ACTIVITY: Pictures excluded, output exactly the lines from the one containing "Opel Astra, снимка" through the last line of the listing below.

SUPPLIED INFORMATION:
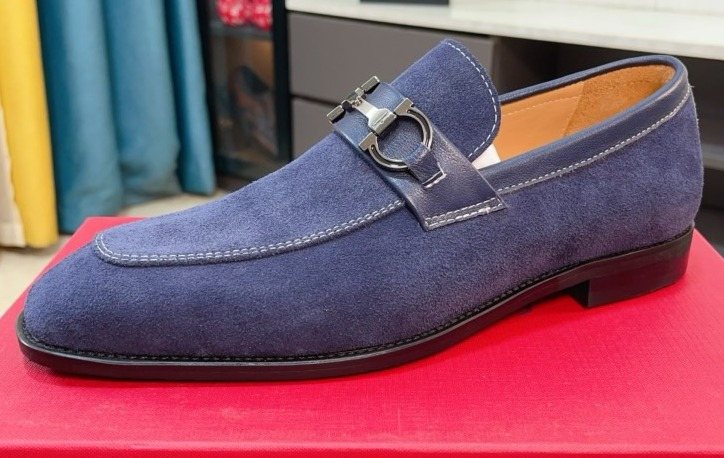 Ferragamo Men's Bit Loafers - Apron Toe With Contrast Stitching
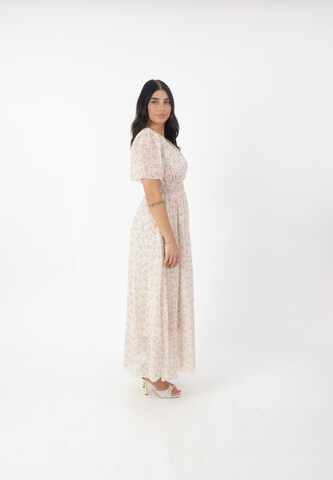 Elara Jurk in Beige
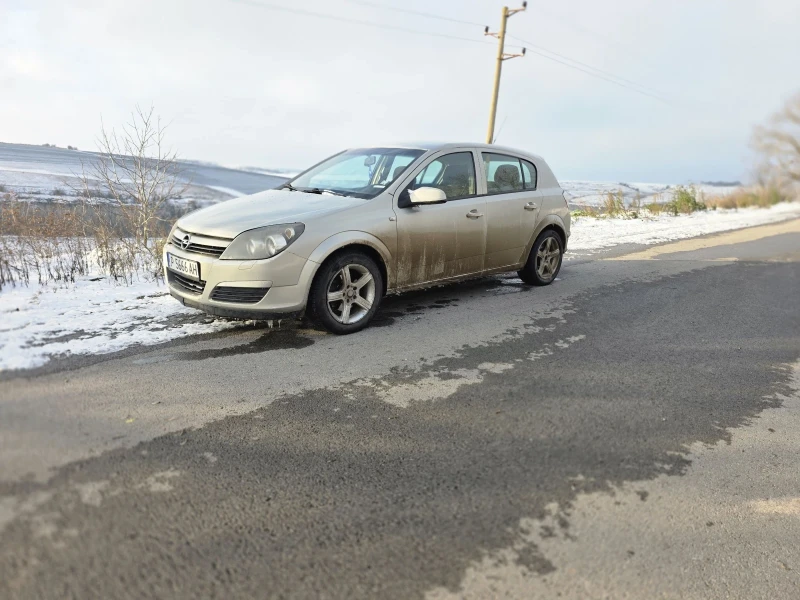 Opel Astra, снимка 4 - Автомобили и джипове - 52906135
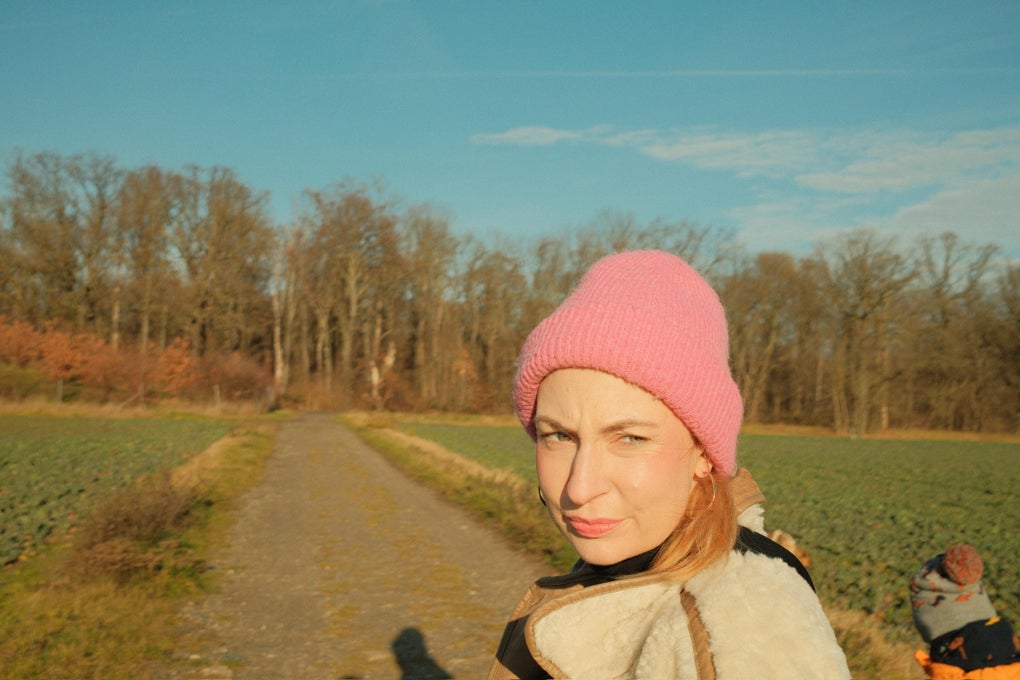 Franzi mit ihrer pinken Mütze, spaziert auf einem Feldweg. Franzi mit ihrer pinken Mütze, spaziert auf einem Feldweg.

RESPONSE TO THIS EXERCISE:
 Opel Astra, снимка 4 - Автомобили и джипове - 52906135
 Franzi mit ihrer pinken Mütze, spaziert auf einem Feldweg. Franzi mit ihrer pinken Mütze, spaziert auf einem Feldweg.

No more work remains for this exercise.